The Brother accepts that there was no presumption of advancement by reason of the relationship between him and the Sister. However, he relies on both an oral agreement alleged to have been made between the parties prior to the purchase of the Carlton Property and on their subsequent conduct after completion of the Purchase Contract.
The Brother said that he met the mortgage broker with whom the Sister was dealing and that in a discussion with the broker he said:
"Only use my own name to apply for the home loan, it has nothing to do with my sister."
That seems unlikely in the light of his want of familiarity with English. In any event, as I have already indicated, the Loan Application was made in the joint names of both the Brother and the Sister.
The Brother gave evidence that he and the Sister met Mr Wunderlich on two occasions. The Brother said that he could not understand what was said by Mr Wunderlich or by the Sister when they conversed in English. He said that the Sister explained to him what Mr Wunderlich said but indicated that he was unable to give any evidence as to what the Sister explained at the time, except that she told him that after they purchased the Carlton Property they should pay the stamp duty.
The Brother said that at the second meeting with Mr Wunderlich, they signed the Purchase Contract but, because his English was not good, they could not discuss anything and they just signed the Purchase Contract. He said that he could not remember whether there was discussion about the arrangements for borrowing the purchase price. When asked whether there was discussion about ownership of the Carlton Property, the Brother said that he said:
"This property is mine, I pay all the costs. The property is in my name."

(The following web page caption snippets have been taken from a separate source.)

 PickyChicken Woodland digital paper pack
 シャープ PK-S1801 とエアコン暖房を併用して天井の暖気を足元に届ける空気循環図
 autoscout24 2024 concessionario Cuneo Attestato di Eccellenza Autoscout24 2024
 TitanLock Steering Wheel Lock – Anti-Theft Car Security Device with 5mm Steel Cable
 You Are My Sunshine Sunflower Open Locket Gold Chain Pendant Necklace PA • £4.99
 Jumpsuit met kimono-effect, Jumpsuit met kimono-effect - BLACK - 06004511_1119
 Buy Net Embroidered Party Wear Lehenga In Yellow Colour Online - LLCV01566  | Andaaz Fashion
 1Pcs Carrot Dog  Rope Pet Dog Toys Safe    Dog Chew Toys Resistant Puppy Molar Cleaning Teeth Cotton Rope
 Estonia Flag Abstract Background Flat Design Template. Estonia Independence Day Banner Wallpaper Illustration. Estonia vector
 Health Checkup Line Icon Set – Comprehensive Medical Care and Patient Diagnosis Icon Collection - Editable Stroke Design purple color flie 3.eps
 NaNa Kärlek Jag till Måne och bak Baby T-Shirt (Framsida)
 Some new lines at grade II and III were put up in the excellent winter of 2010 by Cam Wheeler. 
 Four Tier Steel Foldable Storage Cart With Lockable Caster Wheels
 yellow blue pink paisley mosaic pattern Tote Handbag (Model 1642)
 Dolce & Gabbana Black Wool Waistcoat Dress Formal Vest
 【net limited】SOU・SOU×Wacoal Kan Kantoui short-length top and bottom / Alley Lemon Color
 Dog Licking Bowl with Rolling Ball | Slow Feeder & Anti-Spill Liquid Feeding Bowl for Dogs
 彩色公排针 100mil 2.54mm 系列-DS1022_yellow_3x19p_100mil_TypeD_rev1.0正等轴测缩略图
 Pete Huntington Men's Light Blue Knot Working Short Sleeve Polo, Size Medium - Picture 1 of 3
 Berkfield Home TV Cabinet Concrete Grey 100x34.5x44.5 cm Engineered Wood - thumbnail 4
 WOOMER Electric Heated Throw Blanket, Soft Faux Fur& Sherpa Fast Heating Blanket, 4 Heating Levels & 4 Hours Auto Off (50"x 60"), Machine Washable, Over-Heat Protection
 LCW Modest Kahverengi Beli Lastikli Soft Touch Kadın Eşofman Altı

He gave evidence that he said that in English because he could "speak some simple English at the time".
In cross-examination, the Brother was asked why it was necessary to discuss the ownership of the Carlton Property at the solicitor's office if he owned it and the Sister had no interest in it. His response was that they did not discuss the ownership of the Carlton Property except to the extent that he made it clear that the Carlton Property "is in my name only". He repeated that he discussed ownership of the Carlton Property because it was in his name only and because he was liable to pay all the associated costs and expenses. He said that he believed that if he paid all the expenses and costs and the Carlton Property was in his name, that meant that the ownership of the Carlton Property was his.
When pressed in cross-examination as to whether, at the meeting with Mr Wunderlich, the Brother told the Sister that he owned the Carlton Property and that she did not, he responded as follows:
"At the very beginning she understood that I pay all the expenses and costs. This property has nothing to do with her."
He agreed that he did not say at the solicitor's office that he owned the Carlton Property and that the Sister did not own it. He agreed that he never said that he was the owner of the Carlton Property at all. Rather, he said, he believed that that was so. He repeated that he did not say at the meeting that the Sister did not own the Carlton Property but asserted again that he believed "that the property is in my name so it is mine".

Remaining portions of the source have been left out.